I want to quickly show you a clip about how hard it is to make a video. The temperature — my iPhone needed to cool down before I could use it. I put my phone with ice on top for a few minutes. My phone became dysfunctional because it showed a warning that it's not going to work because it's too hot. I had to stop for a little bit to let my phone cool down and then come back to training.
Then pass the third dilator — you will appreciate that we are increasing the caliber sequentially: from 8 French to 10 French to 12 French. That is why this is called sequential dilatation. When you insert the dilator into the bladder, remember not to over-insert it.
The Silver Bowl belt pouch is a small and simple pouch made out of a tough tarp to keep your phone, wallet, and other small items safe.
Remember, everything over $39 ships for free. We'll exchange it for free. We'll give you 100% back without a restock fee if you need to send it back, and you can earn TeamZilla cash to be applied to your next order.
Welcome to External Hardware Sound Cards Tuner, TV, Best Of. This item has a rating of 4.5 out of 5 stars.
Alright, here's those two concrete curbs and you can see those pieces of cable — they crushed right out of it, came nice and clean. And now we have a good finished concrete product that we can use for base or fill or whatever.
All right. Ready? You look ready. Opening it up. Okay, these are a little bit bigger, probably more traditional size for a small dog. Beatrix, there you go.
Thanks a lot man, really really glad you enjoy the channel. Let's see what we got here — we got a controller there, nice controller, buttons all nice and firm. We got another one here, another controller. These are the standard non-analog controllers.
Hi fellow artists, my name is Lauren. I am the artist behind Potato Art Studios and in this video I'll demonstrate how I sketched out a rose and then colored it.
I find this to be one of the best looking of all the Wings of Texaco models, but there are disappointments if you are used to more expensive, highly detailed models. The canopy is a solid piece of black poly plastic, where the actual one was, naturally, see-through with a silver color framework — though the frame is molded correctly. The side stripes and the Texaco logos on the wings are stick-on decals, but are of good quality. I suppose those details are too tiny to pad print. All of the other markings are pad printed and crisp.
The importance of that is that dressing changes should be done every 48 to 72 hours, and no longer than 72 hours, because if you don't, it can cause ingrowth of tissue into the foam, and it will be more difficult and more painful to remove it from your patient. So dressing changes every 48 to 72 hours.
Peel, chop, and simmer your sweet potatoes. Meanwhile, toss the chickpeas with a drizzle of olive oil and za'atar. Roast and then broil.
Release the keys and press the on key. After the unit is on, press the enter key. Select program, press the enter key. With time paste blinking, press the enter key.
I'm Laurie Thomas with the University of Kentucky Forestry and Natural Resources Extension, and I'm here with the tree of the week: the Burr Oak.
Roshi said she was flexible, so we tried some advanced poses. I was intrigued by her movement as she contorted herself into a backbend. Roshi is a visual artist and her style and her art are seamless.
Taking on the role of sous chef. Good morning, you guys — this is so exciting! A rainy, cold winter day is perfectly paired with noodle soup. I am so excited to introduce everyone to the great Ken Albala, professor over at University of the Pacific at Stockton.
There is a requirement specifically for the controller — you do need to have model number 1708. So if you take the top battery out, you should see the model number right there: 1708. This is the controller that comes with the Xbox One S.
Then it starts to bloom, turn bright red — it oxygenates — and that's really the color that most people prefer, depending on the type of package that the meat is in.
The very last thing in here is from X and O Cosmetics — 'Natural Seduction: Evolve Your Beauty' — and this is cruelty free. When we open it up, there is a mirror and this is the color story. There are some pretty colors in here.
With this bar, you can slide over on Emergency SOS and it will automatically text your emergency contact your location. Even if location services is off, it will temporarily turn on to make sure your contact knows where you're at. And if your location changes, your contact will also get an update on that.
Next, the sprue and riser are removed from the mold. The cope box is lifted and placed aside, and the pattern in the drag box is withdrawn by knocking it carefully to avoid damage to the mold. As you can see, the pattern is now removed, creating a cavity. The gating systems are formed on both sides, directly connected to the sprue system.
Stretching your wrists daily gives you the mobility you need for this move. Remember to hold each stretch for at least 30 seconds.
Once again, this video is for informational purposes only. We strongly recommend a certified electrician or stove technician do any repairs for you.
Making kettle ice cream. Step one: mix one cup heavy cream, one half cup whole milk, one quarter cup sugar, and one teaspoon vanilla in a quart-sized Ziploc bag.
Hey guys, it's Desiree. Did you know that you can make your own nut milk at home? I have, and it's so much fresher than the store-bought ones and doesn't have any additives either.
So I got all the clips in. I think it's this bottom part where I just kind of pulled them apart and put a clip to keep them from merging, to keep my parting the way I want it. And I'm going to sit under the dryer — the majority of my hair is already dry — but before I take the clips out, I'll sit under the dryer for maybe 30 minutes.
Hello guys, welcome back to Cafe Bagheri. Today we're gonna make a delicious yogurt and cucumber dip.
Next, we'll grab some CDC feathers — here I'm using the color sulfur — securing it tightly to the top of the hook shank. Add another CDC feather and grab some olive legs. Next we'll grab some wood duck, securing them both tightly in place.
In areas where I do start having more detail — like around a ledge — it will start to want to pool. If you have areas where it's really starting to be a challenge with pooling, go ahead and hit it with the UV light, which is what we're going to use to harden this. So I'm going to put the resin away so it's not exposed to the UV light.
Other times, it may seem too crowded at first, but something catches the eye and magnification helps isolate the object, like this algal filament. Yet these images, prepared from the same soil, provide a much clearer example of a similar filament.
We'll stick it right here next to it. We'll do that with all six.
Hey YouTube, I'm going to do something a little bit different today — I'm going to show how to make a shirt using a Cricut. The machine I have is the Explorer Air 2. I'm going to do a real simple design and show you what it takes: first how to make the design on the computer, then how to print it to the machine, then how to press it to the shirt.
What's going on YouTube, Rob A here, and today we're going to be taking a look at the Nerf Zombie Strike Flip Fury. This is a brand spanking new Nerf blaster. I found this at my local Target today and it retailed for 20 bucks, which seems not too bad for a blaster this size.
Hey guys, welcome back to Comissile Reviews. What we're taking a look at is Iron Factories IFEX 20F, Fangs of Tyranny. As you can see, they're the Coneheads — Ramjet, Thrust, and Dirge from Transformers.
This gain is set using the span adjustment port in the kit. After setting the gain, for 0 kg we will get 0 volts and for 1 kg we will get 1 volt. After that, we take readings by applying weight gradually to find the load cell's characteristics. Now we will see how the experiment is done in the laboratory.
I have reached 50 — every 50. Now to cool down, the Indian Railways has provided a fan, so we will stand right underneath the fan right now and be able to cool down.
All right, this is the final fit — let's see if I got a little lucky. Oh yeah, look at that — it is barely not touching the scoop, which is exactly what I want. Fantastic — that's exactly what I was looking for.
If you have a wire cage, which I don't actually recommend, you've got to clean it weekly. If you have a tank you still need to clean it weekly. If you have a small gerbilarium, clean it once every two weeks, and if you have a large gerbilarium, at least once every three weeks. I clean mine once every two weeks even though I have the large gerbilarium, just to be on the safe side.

◆ **Aim of the task**
In the listing above, find the line with "Hi fellow artists, my" and the line with "Roshi said she"; output exactly those lines and all lines between them.

◆ **Result**
Hi fellow artists, my name is Lauren. I am the artist behind Potato Art Studios and in this video I'll demonstrate how I sketched out a rose and then colored it.
I find this to be one of the best looking of all the Wings of Texaco models, but there are disappointments if you are used to more expensive, highly detailed models. The canopy is a solid piece of black poly plastic, where the actual one was, naturally, see-through with a silver color framework — though the frame is molded correctly. The side stripes and the Texaco logos on the wings are stick-on decals, but are of good quality. I suppose those details are too tiny to pad print. All of the other markings are pad printed and crisp.
The importance of that is that dressing changes should be done every 48 to 72 hours, and no longer than 72 hours, because if you don't, it can cause ingrowth of tissue into the foam, and it will be more difficult and more painful to remove it from your patient. So dressing changes every 48 to 72 hours.
Peel, chop, and simmer your sweet potatoes. Meanwhile, toss the chickpeas with a drizzle of olive oil and za'atar. Roast and then broil.
Release the keys and press the on key. After the unit is on, press the enter key. Select program, press the enter key. With time paste blinking, press the enter key.
I'm Laurie Thomas with the University of Kentucky Forestry and Natural Resources Extension, and I'm here with the tree of the week: the Burr Oak.
Roshi said she was flexible, so we tried some advanced poses. I was intrigued by her movement as she contorted herself into a backbend. Roshi is a visual artist and her style and her art are seamless.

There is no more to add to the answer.